▶ _Stored data_
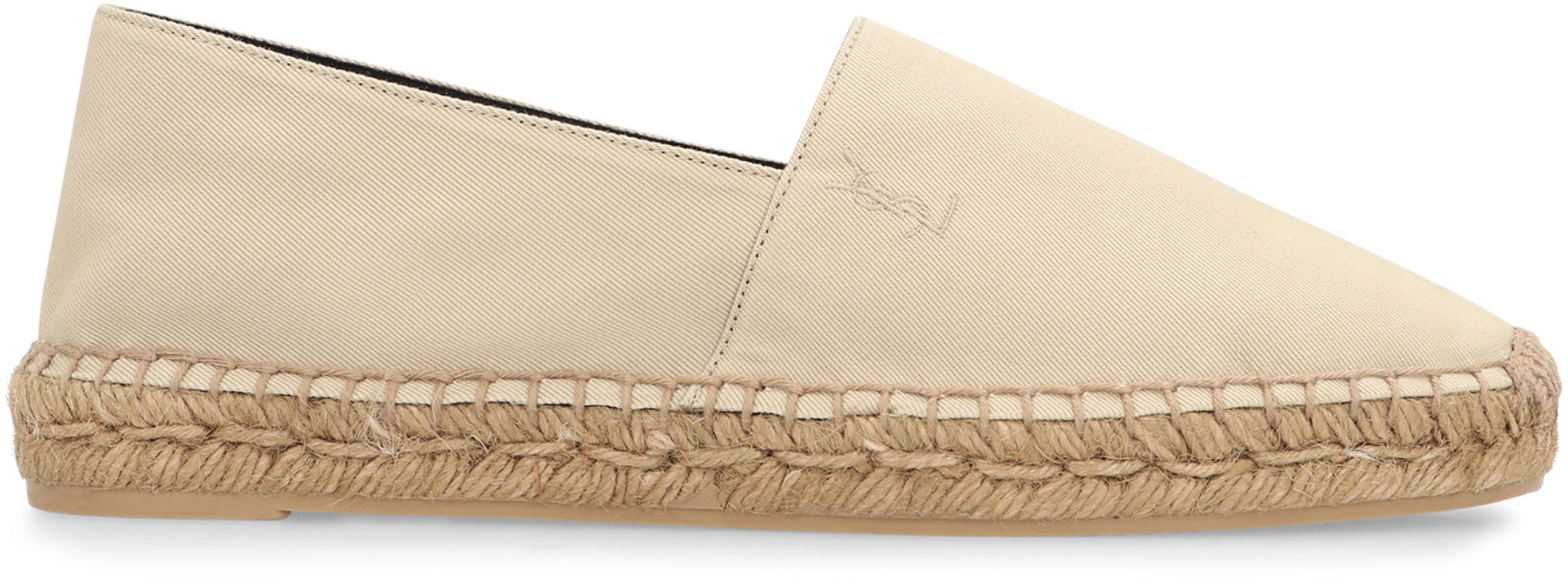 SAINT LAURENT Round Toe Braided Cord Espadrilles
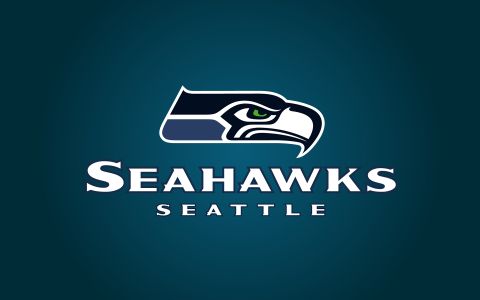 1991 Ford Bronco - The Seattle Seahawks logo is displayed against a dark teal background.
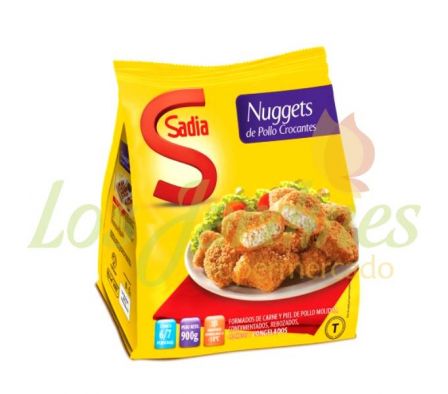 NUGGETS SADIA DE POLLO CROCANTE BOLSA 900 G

▶ _What you will do_
Copy out the whole listing exactly. Skip its pictures.

▶ _Written reply_
 SAINT LAURENT Round Toe Braided Cord Espadrilles
 1991 Ford Bronco - The Seattle Seahawks logo is displayed against a dark teal background.
 NUGGETS SADIA DE POLLO CROCANTE BOLSA 900 G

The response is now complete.